VeriSign has also committed the standard offenses which define some of the worst Internet citizens out there. For example, I have received unwanted e-mail correspondence courting my business after having transferred all my remaining domains over to a different registrar. I would consider this the core definition of "spamming".

Furthermore, if anyone should be accused as being the most egregious cybersquatter, Verisign should, given the very all-encompassing nature of top-level wildcard entries.

They commit these acts at the possible cost of the very trust they are supposed to be brokering as their primary product, as well as the very trust that had been placed in them as the stewards of the top-level registry responsible for the two biggest generic top-level domains. Nothing galls me more than this.

VeriSign has habitually tried to maintain their monopoly at some level using many reprehensible tactics like the ones I have described above. That said, I personally can only recommend revocation of VeriSign's registrar and registry status for the .com and .net top-level domains. I will not stand by while much of the Internet I have come to make my living with at work as well as love, enjoy, and find enabling me to express myself in ways never conceived, as well as enabling me to conduct personal business as never before while at home, gets desecrated by a company driven purely by profit and monopoly rather than in the best interests of the Internet at large and its users.

I consider this a total pity since VeriSign is squandering their status as one of the pioneers of the modern Internet as well as eroding their standing as a pillar of trust we have come to know them for being.

I end this letter with a noteworthy item as well as some rather pointed if not terse commentary concerning VeriSign's response to the demand to shut down the Site Finder service and pull the wildcard records for .com and .net.

VeriSign, in a press release yesterday, had this to say about the ultimatem given them by ICANN:

"Without so much as a hearing, ICANN today formally asked us to shut down the Site Finder service."

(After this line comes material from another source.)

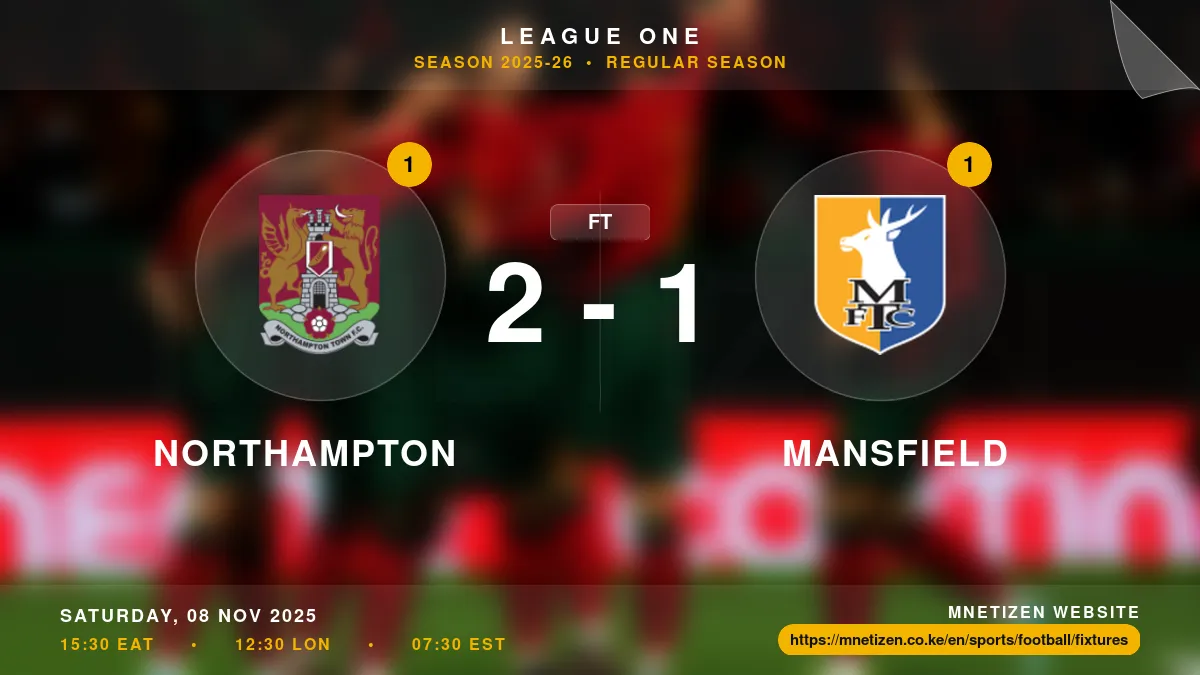 Northampton vs Mansfield - League One 2025-26 Match Poster and Predictions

(NB: It was not a request; it was a "demand" (direct ICANN quote). VeriSign also requested three additional days to complete the shutdown, a request ICANN denied.)

An article in The Register (http://www.theregister.co.uk/content/6/33212.html) notes in response to VeriSign's comments:

"Somewhat rich considering VeriSign introduced SiteFinder without consulting a soul."

I have three words for my part:

"Pot. Kettle. Black."

Best regards,



--Ian R. Justman,
  network and system administrator by trade,
  computing and Internet enthusiast by hobby.

-----
Ian R. Justman                  ianj@xxxxxxxxx (Official EsperNet business)
Co-Founder and Postmaster, The EsperNet IRC Network
Server Administrator, chocobo.esper.net "IJ" on IRC

PGP/GPG keys available upon request, or from any PGP keyserver.